The effects Pulendran’s team found appeared to be mediated by Toll-like receptor 5 (TLR5), a molecule that mediates an immune reaction to flagellin, the protein which forms filamentous bacterial flagella. Unlike the adaptive response to the specific components of a vaccine, TLR5 is part of the body’s innate immune repertoire, which reacts to microbial molecules common to many species of bacteria. Because it activates TLR5, flagellin is known to act as an adjuvant, boosting reactions to other antigens.
The new results hint at a previously unknown natural adjuvant effect of the microbiome, explained immunologist Patrick Wilson of the University of Chicago who was not involved with the study. “It’s a surprise that the gut microbiota, and TLR5 in particular, can modulate the immune response to influenza and unrelated pathogens,” he said.
The first signs that TLR5 might regulate influenza vaccine responses emerged from a 2011 Nature Immunology study, in which Pulendran and his colleagues used a systems biology approach to observe how the immune systems of healthy adults reacted to the flu shot. The researchers found that TLR5 levels within three days of receiving the vaccine were strongly correlated to the strength of the antibody response against the virus. Why a protein that controls immune reactions to bacteria might influence antibodies against a viral vaccine was unclear; it was this question that led the researchers to perform further tests.
For the present study, Pulendran’s team inoculated a variety of mouse strains with trivalent inactivated influenza vaccine (TIV), one of two commonly used versions of the seasonal flu shot used on people. The researchers found that knockout mice lacking the TLR5 protein had significantly lower levels of antibodies after receiving the vaccine than wild-type mice. Because TIV does not interact directly with TLR5, the authors turned to the microbiome in search of clues to how the vaccine was affecting the innate immune system.
Experiments with germ-free mice and animals treated with antibiotics to deplete their microbes revealed similar responses to TIV: compared to normal mice, both groups of experimental animals showed weaker protective responses to the flu vaccine. Allowing gut microbes to colonize germ-free mice before the animals were inoculated restored a robust antibody response. To ensure that the lack of microbes did not cause inherent defects in immunity, the authors co-injected flagellin with TIV in antibiotic-treated or germ-free mice. They observed the same restorative effect on antibodies in each case.
The results were especially pronounced during the first week after vaccination. Approximately 28 days later, the differences were less pronounced, suggesting that the microbiome’s role is to rapidly trigger initial protective responses. Studying the underlying cellular mechanisms, the group discovered that antibody-secreting B-cells were the primary responders.

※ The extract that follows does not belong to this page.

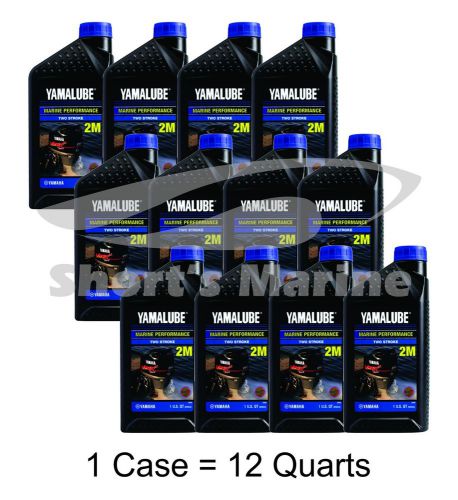 Yamaha yamalube outboard marine performance 2-stroke tcw-3 oil case of 12 quarts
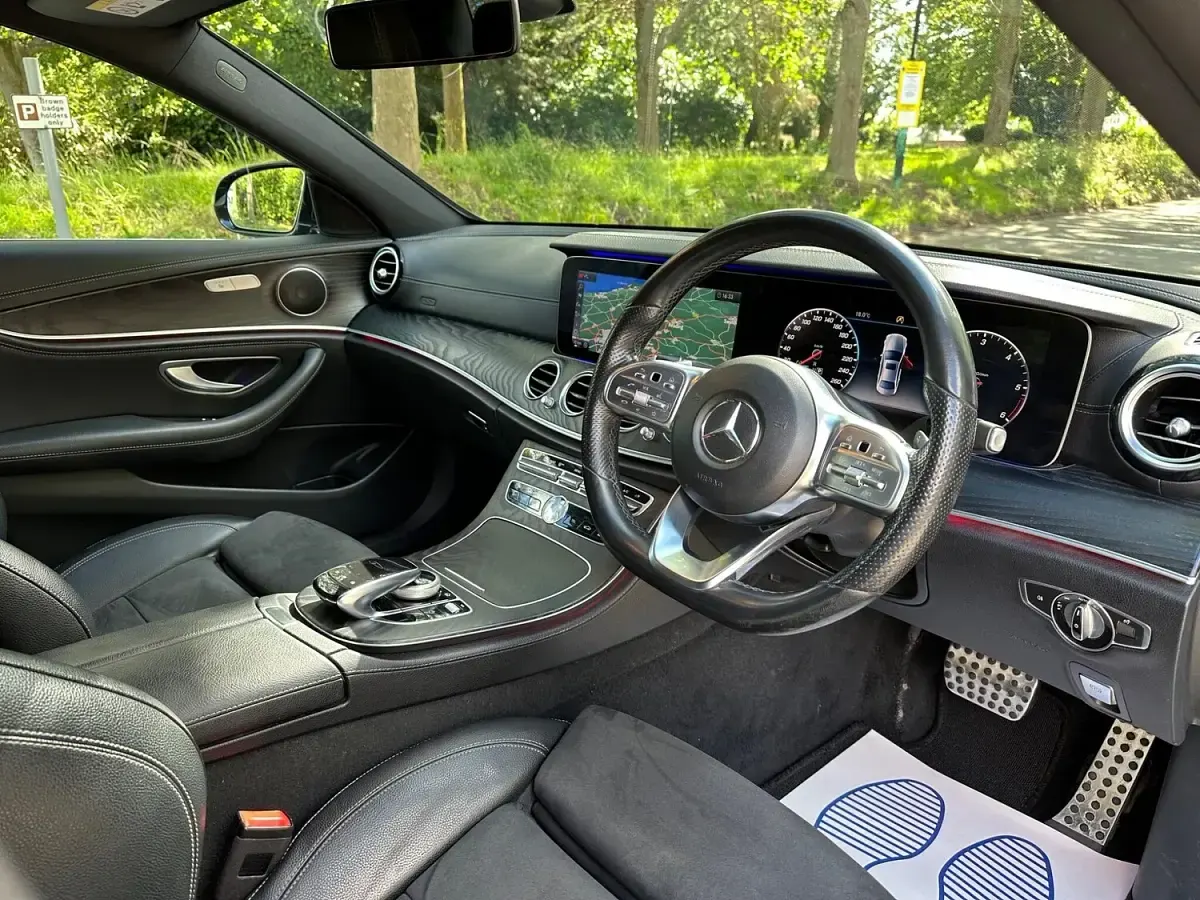 Used Mercedes E220 AMG line 2019 Black Sedan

The researchers also evaluated how the gut microbiome might affect responses to other vaccines. They found that it seemed to exert similar influence on the polio vaccine’s efficacy, whereas shots containing strong adjuvants—such as the diphtheria-pertussis vaccine—did not appear to be affected by the commensal bacteria. The effects “may be more relevant to inactivated viral vaccines that contain weak or no adjuvants more than others,” said Pulendran.
Understanding how gut microbes might modulate vaccine responses could help improve the efficiency of certain inoculations or inform probiotic supplementation efforts. Although previous studies have examined how Lactobacillus species influence flu vaccine responses, results have been inconsistent, according to Pulendran.
These new data also offer a glimpse of how the innate and adaptive immune responses have co-evolved in the presence of microbes. The results are potentially “paradigm-shifting [in] how they make us think about the interactions between [the two],” said immunologist Bonnie Blomberg of the University of Miami Miller School of Medicine who was not involved with the work.
The microbiome has “a quantitative and qualitative impact on the immune system, and we need to look at both sides of the story,” added Blomberg. “We still don’t know the right mixture of components to generate the ‘best’ immune system.”
J.Z. Oh et al., “TLR5-mediated sensing of gut microbiota is necessary for antibody responses to seasonal in?uenza vaccination,” Immunity, doi:10.1016/j.immuni.2014.08.009, 2014.